Dylan está sereno. A veces parece que hable en lugar de cantar. Que dé una conferencia cien veces repetida, en cien ciudades diferentes. No tiene prisa por terminar. No parece estar a disgusto, tampoco que disfrute, salvo en momentos puntuales, que levanta los brazos y la voz. Es un profesional de la canción. Hace su trabajo y se va a casa. Pero lo hace muy bien. Y lo sabe.
Tras un descanso excesivo, Dylan vuelve al escenario. El público está más caliente en esta segunda parte. Estamos acostumbrados a escuchar que no canta bien, que tiene mala voz. Él mismo fomenta estos comentarios al gruñir en muchos temas. Pero hace una excepción con las canciones de su último disco, donde recupera temas de Frank Sinatra. Aquí se pone casi tierno, vocaliza, modula la voz. Y el público agradece el gesto con un fuerte aplauso. ¿Podría hacer lo mismo con sus propias canciones? Tal vez, pero entonces no sería Dylan.

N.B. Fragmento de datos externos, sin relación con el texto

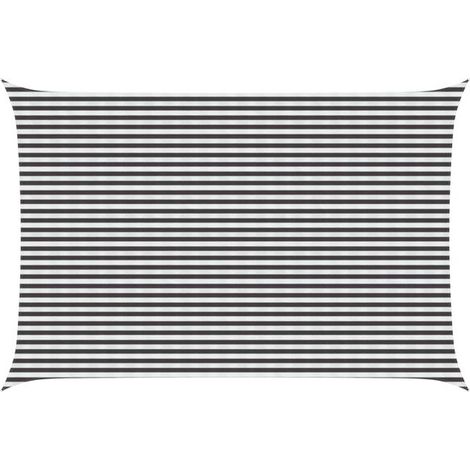 Voile d'ombrage gris anthracite et blanche 4 x 6 mètres en PEHD (1/5)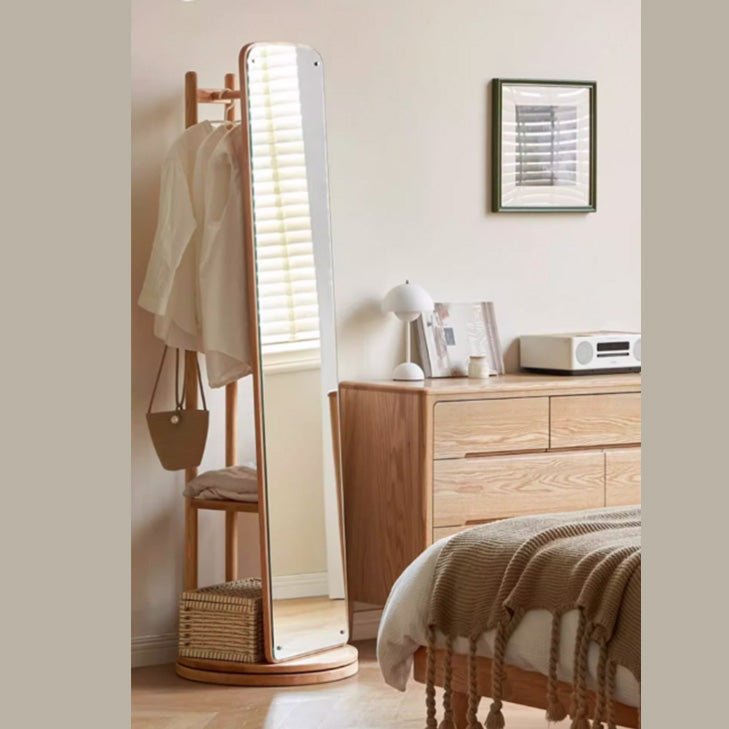Koli Natural Solid Oak Dress Mirror Rack - Oak Furniture Store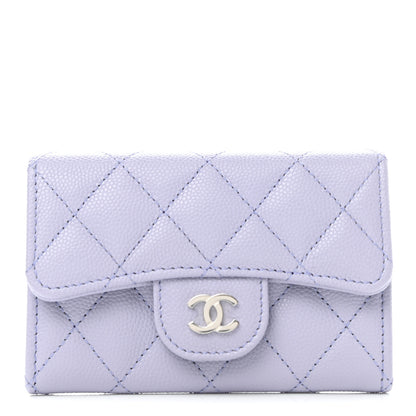 Chanel Caviar Quilted Flap Card Holder Wallet Light Purple 1 of 8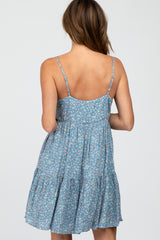 Blue Floral Ruffle Top Button-Down Tiered Dress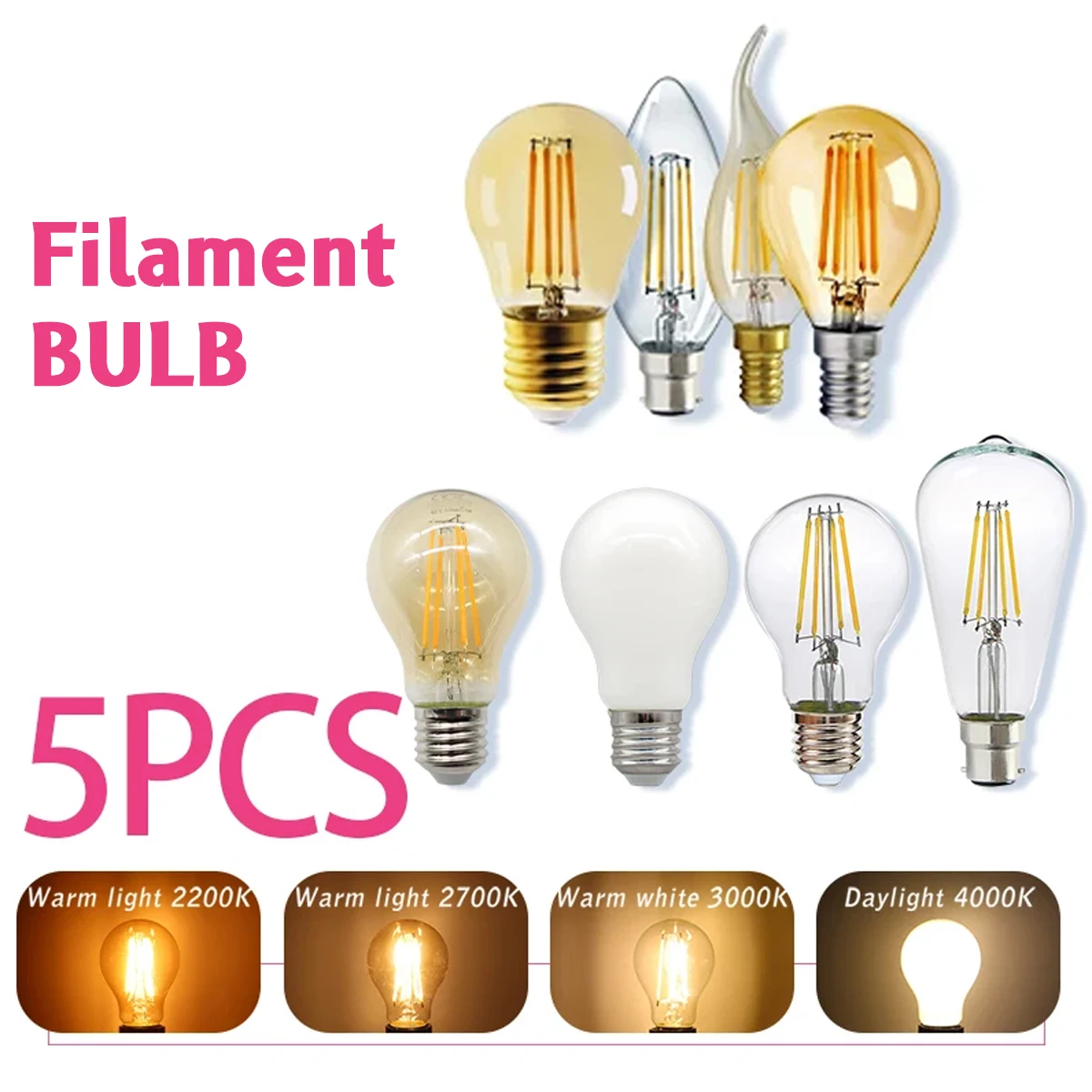 5 قطع مصابيح إديسون كلاسيكية E - مراجعة Vintage Lighting Decor وسعره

Como es habitual en esta gira, deja Blowing in the wind para los bises. Una concesión al pasado más remoto, al primer Dylan. Después, termina con un rasposo Love sick, la canción que abría Time out of mind, el álbum con el que resucitó en aquel ya lejano 1997. Ahí empezó un nuevo Dylan. Alguien que había sentido la muerte de cerca y decidió hacer lo único que le gustaba: cantar en un escenario sin preocuparse de lo que pensara nadie.